Rules for the Use of Force Mock Trial and a Mock Commercial Arbitration
This is a Special 2-day event and there will be an all-inclusive charge for attendance, materials, lunch on Day 2 and an evening Reception on Day 1.
To clash or not to clash with Kalashnikovs: that is the question.
What do you do when your merchant ship is suddenly attacked by men wielding Kalashnikovs and rocket launchers?
If you have a team of armed guards on board, you have a range of options to deter the attackers and – if necessary – engage them. But what happens if there is loss of life in the course of the guards defending your interests?
How then should such deterrence and defence be carried out?
1. How should the authority to act against pirates be allocated between master and armed team leader?
2. What is the Master’s legal position in relation to actions taken on board by the guards not following the Rule of Use of Force as required (by Hull underwriters et al)?

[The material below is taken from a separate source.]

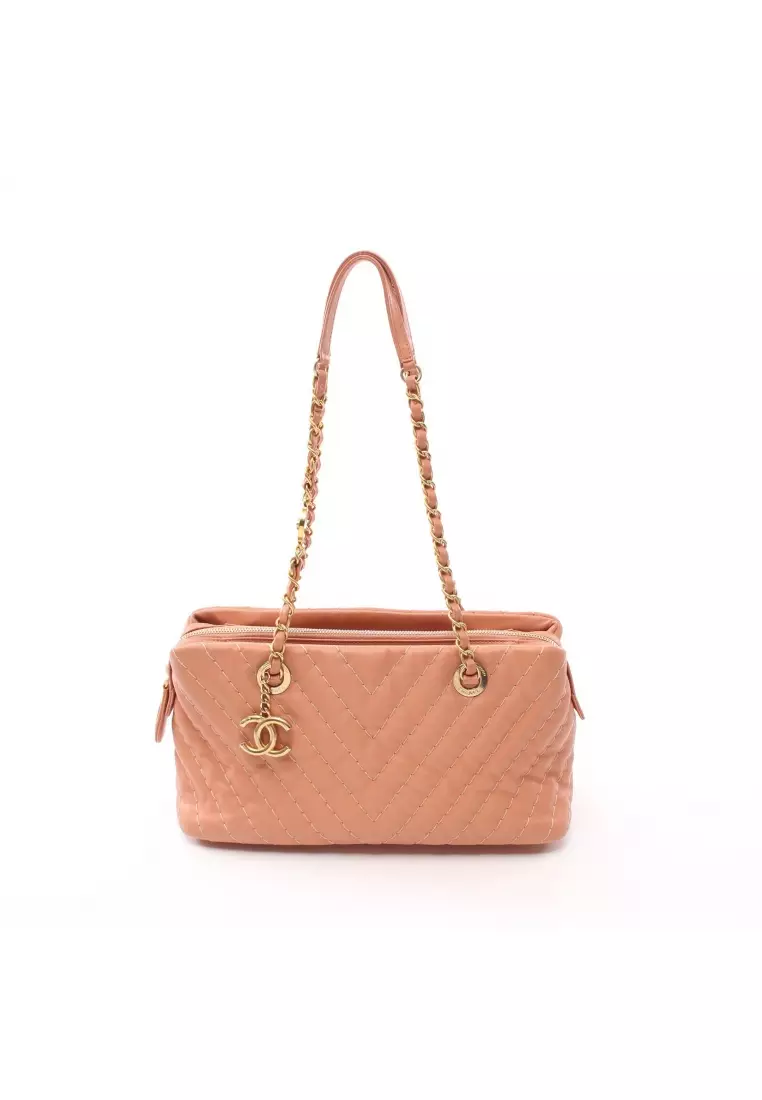 Chanel Pre-loved CHANEL Chevron V-stitch chain shoulder bag leather pink  beige gold hardware 2023, Buy Chanel Online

3. What is the position of the shipping company’s Security Officer’s (and that of the Company) in case of a ‘criminal’ act performed on board by the Guards not following the Rule of Use of Force as required?
4. What rules should govern pre-emptive and responsive action – and the extent of that action?
5. What is the position of a shipping company in relation to damaged cargo and responsibility to owners of cargo in case of a ‘criminal’ act performed on board by the Guards not following the Rule of Use of Force as required. Who pays compensation to the owner of the cargo? – The owner’s P & I Company or the insurance company providing cover for the armed guards?
The key challenge is that we still do not have a clear picture of the legal complexity and the consequences for the Master as well as the Company.
These issues will be at the core of an event organised jointly by the London Shipping Law Centre and the Security Association for the Maritime Industry in London on October 20th and 21st. There will be twin sessions and follow up discussions, based on a reconstructed incident put together by accident investigators RTI. A mock arbitration will take place on the afternoon of the 20th and a mock criminal trial on the morning or afternoon of the 21st. Maritime, public international and criminal lawyers will role play.
Pirates are active in the Indian Ocean, the Gulf of Guinea, the South China Sea and even the Caribbean. Overall, attacks are increasing. Patrolling warships are too few and far between to stop shipping lanes becoming even more exposed. To protect ships, cargoes and crew, commercial ships are increasingly deploying private armed guards in high risk areas.
IMO Guidelines, BIMCO GUARDCON and the 100 Series Rules for the Use of Force provide some guidance on what armed guards can do in specific circumstances. However, LSLC and SAMI foresee a steady rise in civil and criminal proceedings arising from the use of force which may result in deaths, pollution and other liabilities. They envisage prosecutions of masters and owners and disputes between owners and cargo owners, insurers, and the armed guards’ companies.